Aidan Quinn
In a thespian career spanning over ten years, Aidan Quinn has become one of the most versatile and able actors in Hollywood. Still enjoying the success of his movie Michael Collins, in which he easily mastered the Dublin accent necessary to play Collins’ sidekick Harry Boland, his latest venture is the black comedy Commandments, where he plays opposite Courtney Cox and Anthony LaPaglia. He has also recently completed production on Jackal, in which he stars with Ben Kingsley and Donald Sutherland.
An authentic Irish accent is of course second nature to this blue-eyed star of such movies as The Playboys (in which he sported a Cavan twang), Benny and Joon, and Legends of the Fall, due to a childhood spent in both Chicago and Birr, Co. Offaly, moving back and forth while his Irish parents decided where they wanted to make a permanent home.
Despite the reluctance of Quinn to embrace the trappings of fame, he loves being an actor. “I’m a private person,” Quinn insists. “I don’t enjoy all these parties, premieres and public things. They are work.”
Quinn has also had stage success, garnering himself a couple of awards for his performance as Stanley Kowalski in a Chicago theater production of Streetcar Named Desire, a role he describes as “one of the best experiences of my life.”

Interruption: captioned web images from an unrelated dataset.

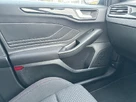 2025-ford-focus-10t-st-line-155ps-estate-powershift-small-33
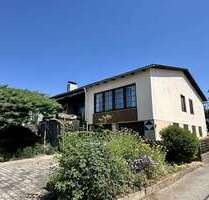 Haus zum Kaufen in Beratzhausen 295.000,00 € 150 m²
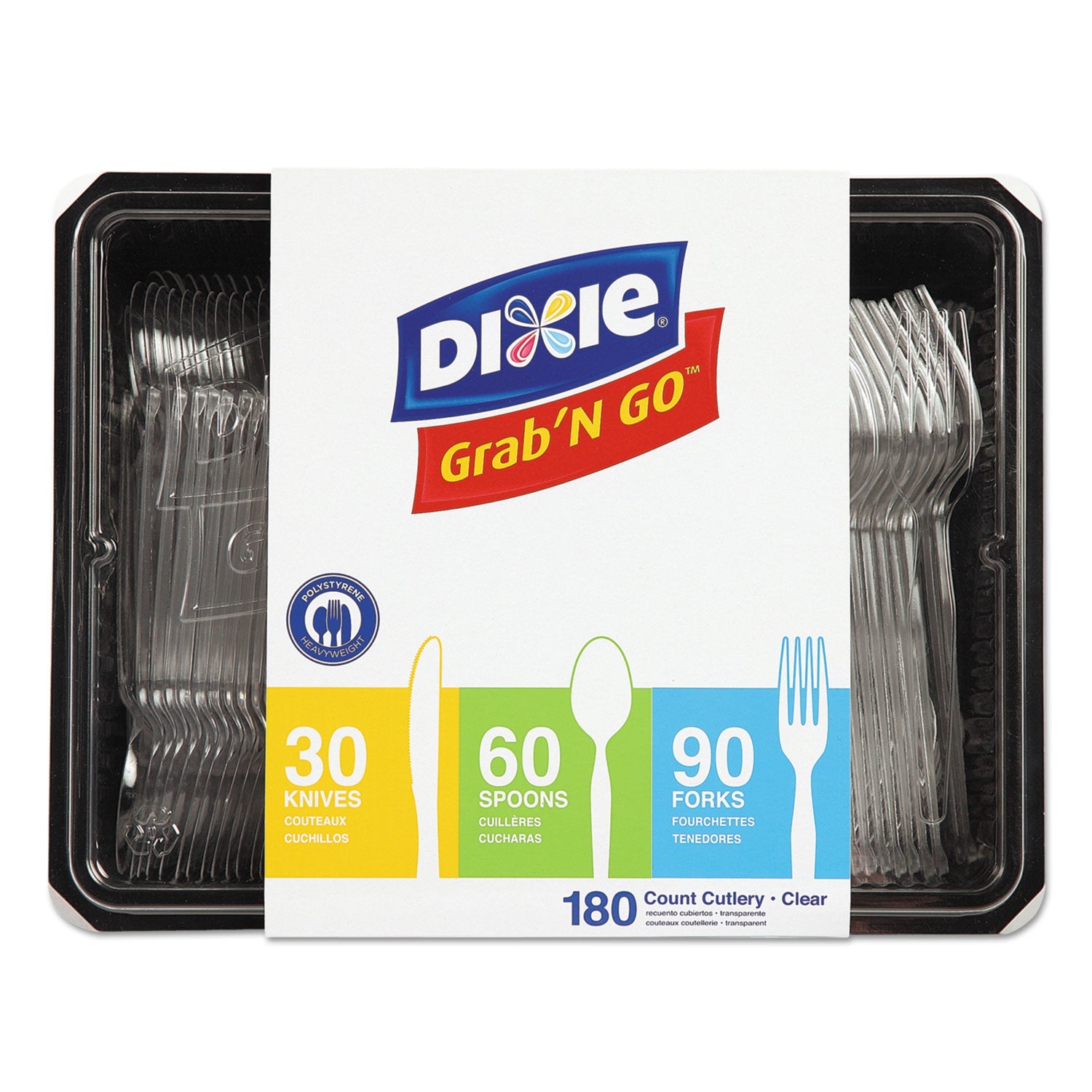 dixie-combo-pack-num-dxech0369dx7pk_1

Married to actress Elizabeth Bracco (currently starring in Steve Buscemi’s Trees Lounge), Quinn has one young daughter, Ava. In time he hopes to move on to other projects, writing, directing and producing. “Ireland has more stories packed into a smaller geographical area than anywhere in the world. More stories that desperately need to be told,” Quinn muses. So will he return to Ireland and buy a castle? “A cottage,” he says, with his usual understated style.